The role of Interleukin-33 in patients with mild cognitive impairment and Alzheimer’s disease

Background: The neuroprotective role of Interleukin (IL)-33 is supported in numerous pre-clinical studies but remains mostly uninvestigated in clinical studies of Alzheimer’s disease (AD). We aimed to examine the association between human blood levels of IL-33 and cognitive preservation in amnestic mild cognitive impairment (aMCI) and AD.Methods: A total of 100 participants (26 controls, 35 aMCI patients, and 39 AD patients) were completed twice Mini Mental State Examination (MMSE) over a 1-year interval. At the second MMSE, the 100 participants examined the plasma levels of IL-33, IL-β, IL-1 receptor agonist (IL-1RA), beta amyloid (Aβ), and tau and apolipoprotein E (ApoE) genotyping, and Hopkins Verbal Learning Test, Trail Making Test, forward and backward digit span, and Clinical Dementia Rating were performed as well.
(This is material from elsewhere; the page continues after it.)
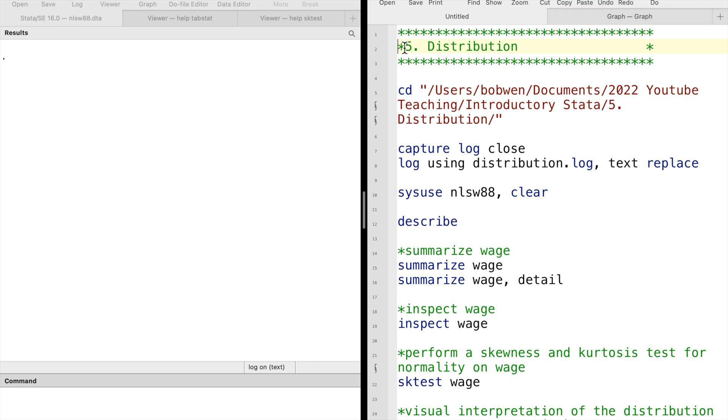Today, we use a new dataset, the National Longitudinal Survey of Women dataset.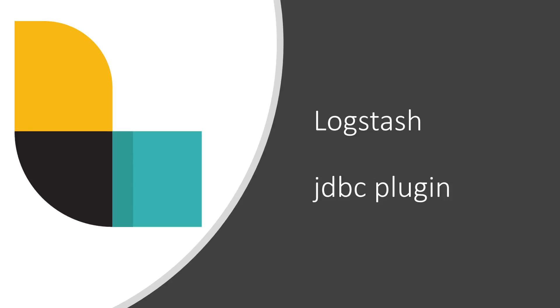Hi friends. Welcome to another video of Big Tech Talk. Today, we will explore JDBC plugin of Logstash. So, let's get started.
Results: IL-33 expression showed a positive trend among controls (1/26 = 3.8%), aMCI (9/35 = 25.7%), and AD (17/39 = 43.6%) (trend analysis: P < 0.001). The patients expressing IL-33 preserved their cognitive function compared with IL-33 non-expressing patients (1-year ΔMMSE: 0.16 ± 1.6 vs -1.5 ± 2.6; P = 0.006). The cognitive preservation was not associated with the lower levels of Aβ, tau, and AopE ε4, while higher levels of AopE ε4 and phosphorylated tau were indeed associated with cognitive decline. The aMCI patients with AD conversion during study period had higher proportion of IL-33(-) than non-AD converters (0.9% vs 53.3%, P = 0.04).Conclusions: IL-33 or its associated signaling pathways may represent a new treatment paradigm for aMCI and AD.